-1

I encounter a problem that seems simple but that I cannot reproduce, and therefore that I cannot explain.

This problem occurs in production, what is mysterious is that it occurs very rarely (that's why I can't reproduce it), it may be a factor that I could not set out as an example but here is the context:

type MyType struct {
    Field1 string
    Field2 int
    Field3 time.Time
    Field4 []float64
    // No pointers fields
}

func main() {
    var MyChan = make(chan interface{})

    go func() {
// This routine is reading and parsing messages from a WS dial and writing it in a channel
// There is 2 only possible answer in the channel : a string, or a "MyType" like (with more fields, but no pointers in)     
        var Object MyType
        Object.Field1 = "test"
        // ..

        MyChan <- Object
    }()

    go func() {
// This routine is sending a message to a WS dial and wait for the answer in a channel fed by another routine :
        var Object interface{}
        go func(Get *interface{}) {
            *Get = <- MyChan
        } (&Object)
        for Object == nil {
            time.Sleep(time.Nanosecond * 1)
        }
        log.Println(fmt.Sprint(Object)) // Panic here from the fmt.Sprint() func
    }()
}

Panic stack trace :

runtime error: invalid memory address or nil pointer dereference
panic(0x87a840, 0xd0ff40)
    X:/Go/GoRoot/src/runtime/panic.go:522 +0x1b5
reflect.Value.String(0x85a060, 0x0, 0xb8, 0xc00001e500, 0xc0006f1a80)
    X:/Go/GoRoot/src/reflect/value.go:1781 +0x45
fmt.(*pp).printValue(0xc006410f00, 0x85a060, 0x0, 0xb8, 0x76, 0x1)
    X:/Go/GoRoot/src/fmt/print.go:747 +0x21c3
fmt.(*pp).printValue(0xc006410f00, 0x8ed5c0, 0x0, 0x99, 0x76, 0x0)
    X:/Go/GoRoot/src/fmt/print.go:796 +0x1b52
fmt.(*pp).printArg(0xc006410f00, 0x8ed5c0, 0x0, 0x76)
    X:/Go/GoRoot/src/fmt/print.go:702 +0x2ba
fmt.(*pp).doPrint(0xc006410f00, 0xc0006f22a0, 0x1, 0x1)
    X:/Go/GoRoot/src/fmt/print.go:1147 +0xfd
fmt.Sprint(0xc0006f22a0, 0x1, 0x1, 0x0, 0x0)
    X:/Go/GoRoot/src/fmt/print.go:250 +0x52

Go version : 1.12.1 windows/amd64

Thanking you for your time, I hope someone can explain to me what's wrong.

Anarz
  • 25
  • 7
  • 3
    Assigning to *Get races against the for condition right after. Race conditions make the behavior of your program undefined. – Peter Jan 20 '20 at 09:53

1 Answers1

1

You have a data race here:

    var Object interface{}
    go func(Get *interface{}) {
        *Get = <- MyChan
    } (&Object)
    for Object == nil {
        time.Sleep(time.Nanosecond * 1)
    }

The goroutine that writes on the variable Object does so without using a lock: it receives from the channel, and when it gets a value, it writes it to *Get where Get == &Object, so that it writes the interface value of Object.
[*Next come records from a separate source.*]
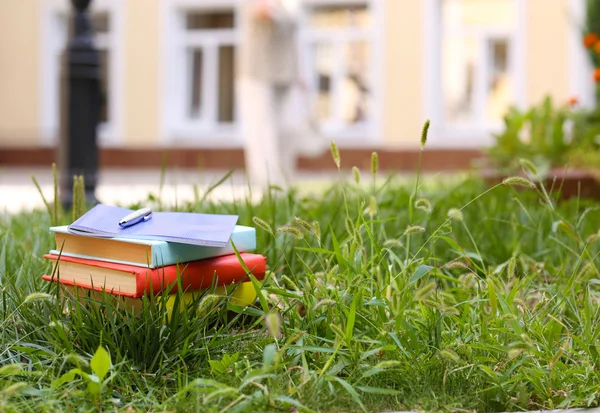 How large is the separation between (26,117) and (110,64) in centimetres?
177

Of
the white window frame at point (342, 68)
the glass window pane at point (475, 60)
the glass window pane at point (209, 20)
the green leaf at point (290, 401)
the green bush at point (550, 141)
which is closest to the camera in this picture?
the green leaf at point (290, 401)

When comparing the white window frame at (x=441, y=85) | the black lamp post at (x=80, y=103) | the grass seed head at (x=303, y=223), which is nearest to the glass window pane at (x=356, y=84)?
the white window frame at (x=441, y=85)

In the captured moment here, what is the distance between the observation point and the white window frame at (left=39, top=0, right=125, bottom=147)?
1499 centimetres

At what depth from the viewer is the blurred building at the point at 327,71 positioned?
43.7 ft

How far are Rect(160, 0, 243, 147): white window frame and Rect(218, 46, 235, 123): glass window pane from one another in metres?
0.09

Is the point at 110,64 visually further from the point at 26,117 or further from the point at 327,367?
the point at 327,367

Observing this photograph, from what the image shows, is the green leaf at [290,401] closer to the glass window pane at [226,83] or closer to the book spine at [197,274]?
the book spine at [197,274]

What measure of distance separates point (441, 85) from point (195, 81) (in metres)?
4.33

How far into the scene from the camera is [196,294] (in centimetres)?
181

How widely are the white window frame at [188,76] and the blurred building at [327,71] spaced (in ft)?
0.07

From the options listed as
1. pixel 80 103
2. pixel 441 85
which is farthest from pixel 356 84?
pixel 80 103

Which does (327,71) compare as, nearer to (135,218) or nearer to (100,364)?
(135,218)

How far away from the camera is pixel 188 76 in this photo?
595 inches

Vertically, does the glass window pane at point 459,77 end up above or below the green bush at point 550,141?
above
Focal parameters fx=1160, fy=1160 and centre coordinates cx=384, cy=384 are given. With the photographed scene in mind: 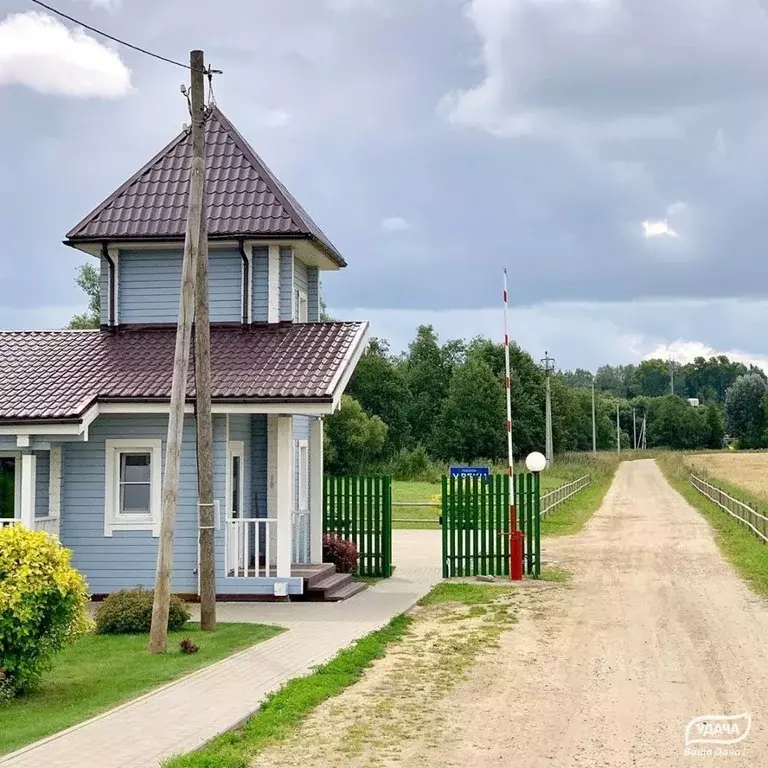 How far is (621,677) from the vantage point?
37.8 ft

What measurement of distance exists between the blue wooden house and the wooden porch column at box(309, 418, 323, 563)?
3cm

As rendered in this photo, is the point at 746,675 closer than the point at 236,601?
Yes

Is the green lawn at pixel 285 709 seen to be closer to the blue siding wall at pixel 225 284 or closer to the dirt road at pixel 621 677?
the dirt road at pixel 621 677

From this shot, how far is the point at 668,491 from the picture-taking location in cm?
5722

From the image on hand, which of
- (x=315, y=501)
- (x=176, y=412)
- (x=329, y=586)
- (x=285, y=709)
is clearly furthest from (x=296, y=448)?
(x=285, y=709)

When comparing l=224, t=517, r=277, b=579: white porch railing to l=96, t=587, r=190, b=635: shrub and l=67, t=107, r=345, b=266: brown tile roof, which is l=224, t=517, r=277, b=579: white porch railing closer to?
l=96, t=587, r=190, b=635: shrub

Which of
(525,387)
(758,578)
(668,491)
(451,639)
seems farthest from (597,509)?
(525,387)

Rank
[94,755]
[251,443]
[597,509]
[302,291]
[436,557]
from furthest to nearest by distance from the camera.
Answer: [597,509], [436,557], [302,291], [251,443], [94,755]

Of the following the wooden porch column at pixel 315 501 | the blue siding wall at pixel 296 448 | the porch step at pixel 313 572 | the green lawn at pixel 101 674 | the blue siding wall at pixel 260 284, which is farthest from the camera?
the blue siding wall at pixel 296 448

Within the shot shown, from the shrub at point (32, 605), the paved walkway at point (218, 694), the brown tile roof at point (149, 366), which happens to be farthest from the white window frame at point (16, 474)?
the shrub at point (32, 605)

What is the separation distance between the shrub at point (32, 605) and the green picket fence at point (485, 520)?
10815mm

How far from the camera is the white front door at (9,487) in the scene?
1764 centimetres

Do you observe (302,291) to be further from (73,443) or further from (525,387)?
(525,387)

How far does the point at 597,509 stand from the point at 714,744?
3613 cm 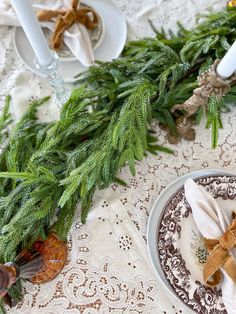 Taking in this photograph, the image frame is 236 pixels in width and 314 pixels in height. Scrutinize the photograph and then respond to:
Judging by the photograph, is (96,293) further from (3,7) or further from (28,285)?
(3,7)

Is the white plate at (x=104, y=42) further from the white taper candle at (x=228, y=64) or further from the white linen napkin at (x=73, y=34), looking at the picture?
the white taper candle at (x=228, y=64)

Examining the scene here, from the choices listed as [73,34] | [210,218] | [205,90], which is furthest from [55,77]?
[210,218]

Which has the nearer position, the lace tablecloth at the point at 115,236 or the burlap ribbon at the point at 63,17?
the lace tablecloth at the point at 115,236

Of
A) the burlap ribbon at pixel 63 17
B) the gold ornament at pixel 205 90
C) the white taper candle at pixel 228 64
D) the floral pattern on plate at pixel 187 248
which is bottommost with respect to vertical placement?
the floral pattern on plate at pixel 187 248

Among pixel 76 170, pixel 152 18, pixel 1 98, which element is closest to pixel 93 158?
pixel 76 170

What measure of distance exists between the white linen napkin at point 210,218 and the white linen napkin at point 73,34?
0.35 meters

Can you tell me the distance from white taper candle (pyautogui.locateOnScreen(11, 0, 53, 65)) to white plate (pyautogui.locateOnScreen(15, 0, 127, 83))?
154 millimetres

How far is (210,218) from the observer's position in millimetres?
779

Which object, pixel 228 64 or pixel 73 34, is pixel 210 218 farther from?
pixel 73 34

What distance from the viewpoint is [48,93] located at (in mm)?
948

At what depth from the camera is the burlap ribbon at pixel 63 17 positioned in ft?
2.97

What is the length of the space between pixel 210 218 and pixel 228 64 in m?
0.28

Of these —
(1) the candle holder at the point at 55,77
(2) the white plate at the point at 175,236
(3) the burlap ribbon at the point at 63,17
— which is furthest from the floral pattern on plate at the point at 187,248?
(3) the burlap ribbon at the point at 63,17

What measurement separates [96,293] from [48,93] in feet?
1.46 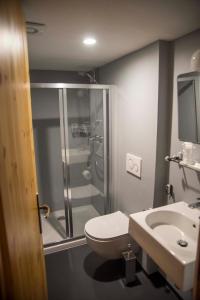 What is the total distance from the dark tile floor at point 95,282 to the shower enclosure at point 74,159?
37cm

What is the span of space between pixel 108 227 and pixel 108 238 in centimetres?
19

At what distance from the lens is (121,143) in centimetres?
254

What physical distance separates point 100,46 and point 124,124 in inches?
35.1

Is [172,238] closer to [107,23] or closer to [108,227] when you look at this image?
[108,227]

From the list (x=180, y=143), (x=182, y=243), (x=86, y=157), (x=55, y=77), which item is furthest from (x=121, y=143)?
(x=55, y=77)

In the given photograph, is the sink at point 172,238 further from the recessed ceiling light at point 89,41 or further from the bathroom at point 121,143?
the recessed ceiling light at point 89,41

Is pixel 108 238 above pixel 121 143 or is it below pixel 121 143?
below

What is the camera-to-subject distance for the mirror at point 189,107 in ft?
5.11

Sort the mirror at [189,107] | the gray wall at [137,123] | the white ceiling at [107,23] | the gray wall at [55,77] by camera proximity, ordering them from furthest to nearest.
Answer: the gray wall at [55,77] < the gray wall at [137,123] < the mirror at [189,107] < the white ceiling at [107,23]

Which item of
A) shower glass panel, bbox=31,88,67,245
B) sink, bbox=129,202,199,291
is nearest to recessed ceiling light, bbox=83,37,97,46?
shower glass panel, bbox=31,88,67,245

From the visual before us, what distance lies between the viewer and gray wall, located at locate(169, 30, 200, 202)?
159 centimetres

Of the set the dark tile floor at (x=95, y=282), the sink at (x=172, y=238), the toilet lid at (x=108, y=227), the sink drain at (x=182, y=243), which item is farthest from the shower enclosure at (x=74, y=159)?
the sink drain at (x=182, y=243)

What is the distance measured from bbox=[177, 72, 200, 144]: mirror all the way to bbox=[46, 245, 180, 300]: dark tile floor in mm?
1437

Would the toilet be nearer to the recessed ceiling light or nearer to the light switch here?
the light switch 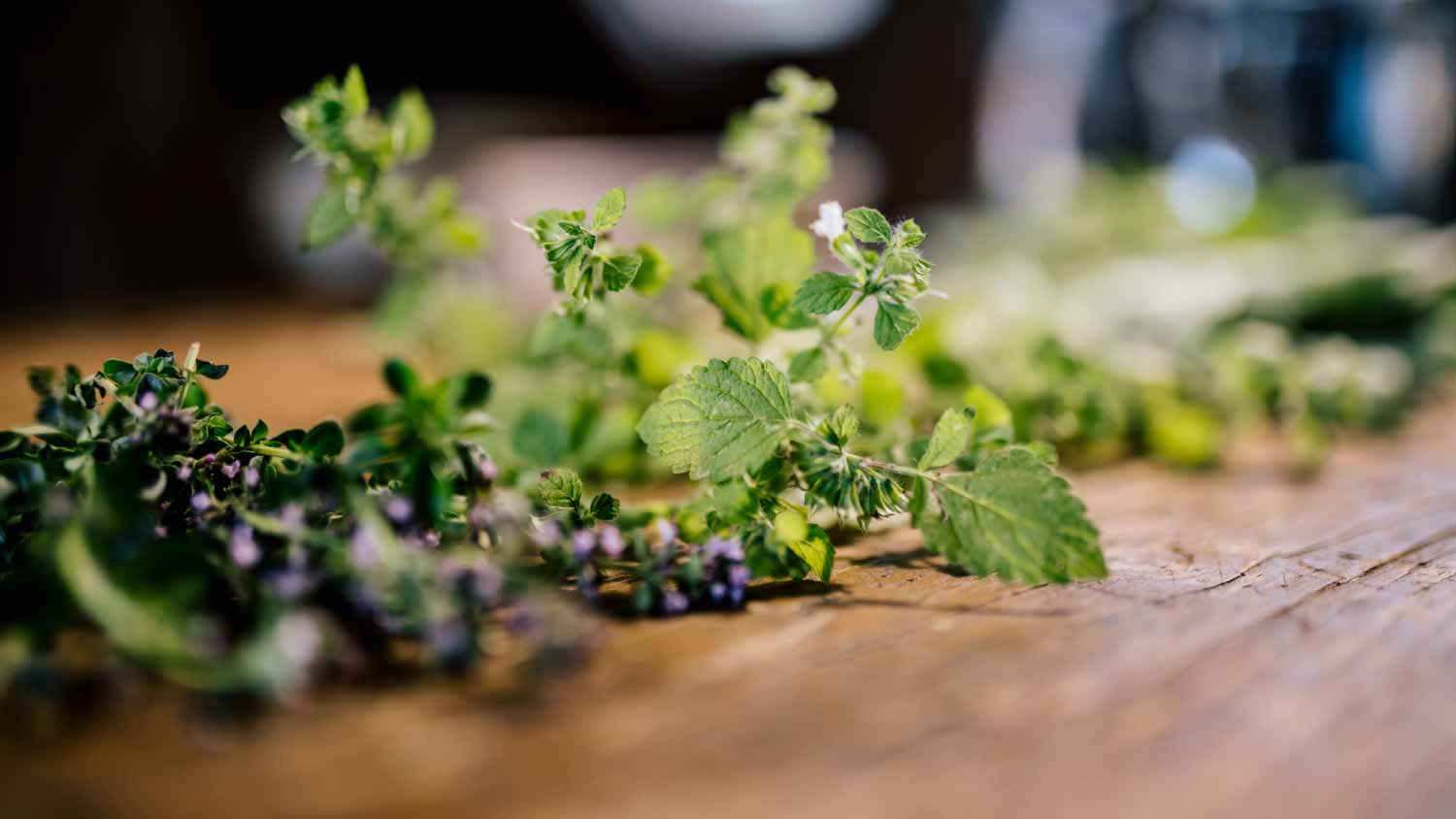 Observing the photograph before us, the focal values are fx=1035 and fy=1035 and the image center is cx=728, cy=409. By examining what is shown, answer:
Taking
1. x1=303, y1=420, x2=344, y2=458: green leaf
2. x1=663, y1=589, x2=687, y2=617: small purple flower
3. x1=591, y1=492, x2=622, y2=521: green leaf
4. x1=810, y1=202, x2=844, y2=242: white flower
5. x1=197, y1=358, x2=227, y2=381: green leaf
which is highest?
x1=810, y1=202, x2=844, y2=242: white flower

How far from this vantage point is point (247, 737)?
0.38 m

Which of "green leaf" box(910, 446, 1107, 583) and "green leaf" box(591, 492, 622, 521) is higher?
"green leaf" box(591, 492, 622, 521)

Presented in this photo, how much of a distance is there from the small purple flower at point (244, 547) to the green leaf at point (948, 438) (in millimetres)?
326

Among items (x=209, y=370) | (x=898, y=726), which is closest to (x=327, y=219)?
(x=209, y=370)

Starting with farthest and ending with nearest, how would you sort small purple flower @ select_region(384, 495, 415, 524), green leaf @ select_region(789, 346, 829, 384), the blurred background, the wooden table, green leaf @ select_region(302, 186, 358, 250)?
the blurred background < green leaf @ select_region(302, 186, 358, 250) < green leaf @ select_region(789, 346, 829, 384) < small purple flower @ select_region(384, 495, 415, 524) < the wooden table

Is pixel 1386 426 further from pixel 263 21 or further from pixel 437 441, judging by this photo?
pixel 263 21

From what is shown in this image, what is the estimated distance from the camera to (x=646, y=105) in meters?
4.16

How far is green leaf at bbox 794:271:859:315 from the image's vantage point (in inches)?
21.3

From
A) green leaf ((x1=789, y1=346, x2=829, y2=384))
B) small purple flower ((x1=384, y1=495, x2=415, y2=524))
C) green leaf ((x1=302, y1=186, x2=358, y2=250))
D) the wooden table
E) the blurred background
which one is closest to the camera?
the wooden table

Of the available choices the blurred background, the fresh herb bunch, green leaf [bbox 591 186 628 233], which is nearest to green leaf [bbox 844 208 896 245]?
the fresh herb bunch

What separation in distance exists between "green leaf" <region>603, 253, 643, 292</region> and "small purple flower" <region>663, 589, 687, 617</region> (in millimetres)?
168

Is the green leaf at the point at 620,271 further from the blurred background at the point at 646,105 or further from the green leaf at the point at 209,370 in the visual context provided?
the blurred background at the point at 646,105

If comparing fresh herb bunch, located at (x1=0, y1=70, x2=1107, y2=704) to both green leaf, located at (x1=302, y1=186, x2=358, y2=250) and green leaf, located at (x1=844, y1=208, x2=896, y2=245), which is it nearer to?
green leaf, located at (x1=844, y1=208, x2=896, y2=245)

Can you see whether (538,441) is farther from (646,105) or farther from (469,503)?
(646,105) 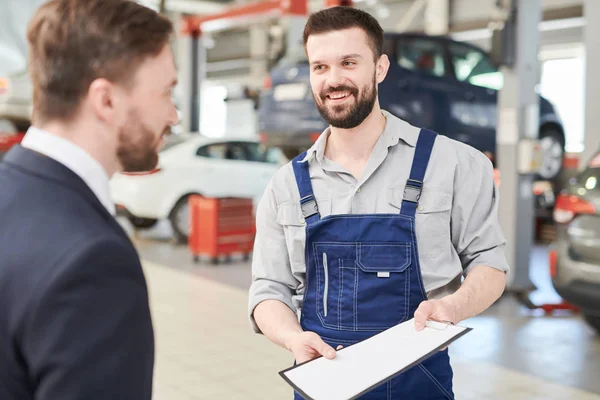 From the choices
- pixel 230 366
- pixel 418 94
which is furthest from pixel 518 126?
pixel 230 366

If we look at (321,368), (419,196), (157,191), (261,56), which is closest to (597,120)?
(157,191)

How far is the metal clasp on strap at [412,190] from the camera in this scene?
5.79ft

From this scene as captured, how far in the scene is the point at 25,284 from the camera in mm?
887

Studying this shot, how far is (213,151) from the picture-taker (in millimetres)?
8977

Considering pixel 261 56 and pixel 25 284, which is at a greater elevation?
pixel 261 56

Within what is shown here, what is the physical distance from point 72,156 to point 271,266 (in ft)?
3.07

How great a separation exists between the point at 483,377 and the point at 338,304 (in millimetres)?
2580

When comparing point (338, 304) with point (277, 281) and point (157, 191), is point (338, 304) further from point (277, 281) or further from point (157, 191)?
point (157, 191)

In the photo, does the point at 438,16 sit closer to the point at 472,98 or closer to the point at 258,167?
the point at 258,167

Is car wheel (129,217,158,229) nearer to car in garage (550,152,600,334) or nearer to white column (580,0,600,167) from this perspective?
white column (580,0,600,167)

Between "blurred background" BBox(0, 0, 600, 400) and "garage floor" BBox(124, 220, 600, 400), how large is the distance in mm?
15

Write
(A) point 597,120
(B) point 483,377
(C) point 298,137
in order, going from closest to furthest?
(B) point 483,377 → (C) point 298,137 → (A) point 597,120

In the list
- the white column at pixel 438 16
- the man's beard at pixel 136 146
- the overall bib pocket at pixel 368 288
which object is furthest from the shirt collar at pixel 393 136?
the white column at pixel 438 16

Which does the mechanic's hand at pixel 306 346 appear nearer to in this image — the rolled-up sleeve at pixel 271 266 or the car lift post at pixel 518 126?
the rolled-up sleeve at pixel 271 266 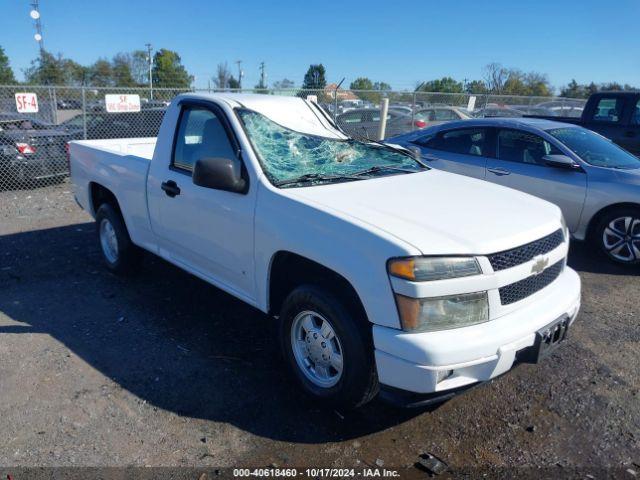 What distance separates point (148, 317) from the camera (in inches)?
179

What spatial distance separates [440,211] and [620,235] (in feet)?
12.6

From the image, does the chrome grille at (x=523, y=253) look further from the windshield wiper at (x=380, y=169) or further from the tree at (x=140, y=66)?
the tree at (x=140, y=66)

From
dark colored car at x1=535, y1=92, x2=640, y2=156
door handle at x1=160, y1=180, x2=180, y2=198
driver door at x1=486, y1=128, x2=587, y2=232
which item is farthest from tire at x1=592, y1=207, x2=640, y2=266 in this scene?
door handle at x1=160, y1=180, x2=180, y2=198

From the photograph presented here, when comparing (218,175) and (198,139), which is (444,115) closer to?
(198,139)

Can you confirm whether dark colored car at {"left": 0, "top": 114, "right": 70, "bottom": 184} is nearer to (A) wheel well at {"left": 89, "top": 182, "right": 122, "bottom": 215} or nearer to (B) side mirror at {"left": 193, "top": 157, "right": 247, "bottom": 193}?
(A) wheel well at {"left": 89, "top": 182, "right": 122, "bottom": 215}

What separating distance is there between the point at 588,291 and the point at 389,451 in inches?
133

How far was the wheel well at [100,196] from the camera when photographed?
17.9 ft

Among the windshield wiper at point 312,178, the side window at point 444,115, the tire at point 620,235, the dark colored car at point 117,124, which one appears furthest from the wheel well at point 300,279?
the side window at point 444,115

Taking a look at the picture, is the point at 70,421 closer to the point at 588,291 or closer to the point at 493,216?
the point at 493,216

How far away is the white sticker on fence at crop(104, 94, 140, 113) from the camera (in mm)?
11237

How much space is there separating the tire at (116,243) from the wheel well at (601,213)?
5.14 metres

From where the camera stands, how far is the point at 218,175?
134 inches

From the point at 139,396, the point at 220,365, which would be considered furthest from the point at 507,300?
the point at 139,396

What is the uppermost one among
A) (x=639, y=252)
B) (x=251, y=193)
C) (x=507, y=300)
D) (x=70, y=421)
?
(x=251, y=193) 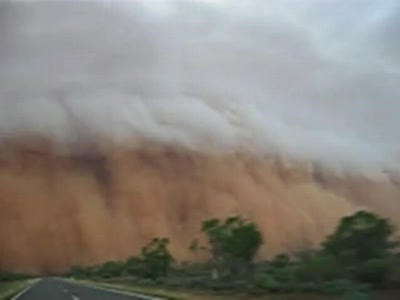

Meanwhile, the goroutine running the for loop reads from Object, checking for nil-ness. It reads without using a lock, so that it can read a partially-written value.

What is actually happening is that the partially-written value is non-nil, without the whole value being set. So the for loop stops looping and the code progresses to the next line:

    log.Println(fmt.Sprint(Object)) // Panic here from the fmt.Sprint() func

Since Object is only partly written, accessing its value produces unpredictable results—but in this case, it produces a panic. (In particular, the type field of the interface has been set, but the value field is still zero. The actual panic is from this line in src/reflect/value.go:

               return *(*string)(v.ptr)

with v.ptr not having been set.)

It's not clear why you're logging the value at all, nor why you are using shared memory to communicate, but if you do do this, you will need locking. It's usually wiser not to do this. See also this answer to Explain: Don't communicate by sharing memory; share memory by communicating.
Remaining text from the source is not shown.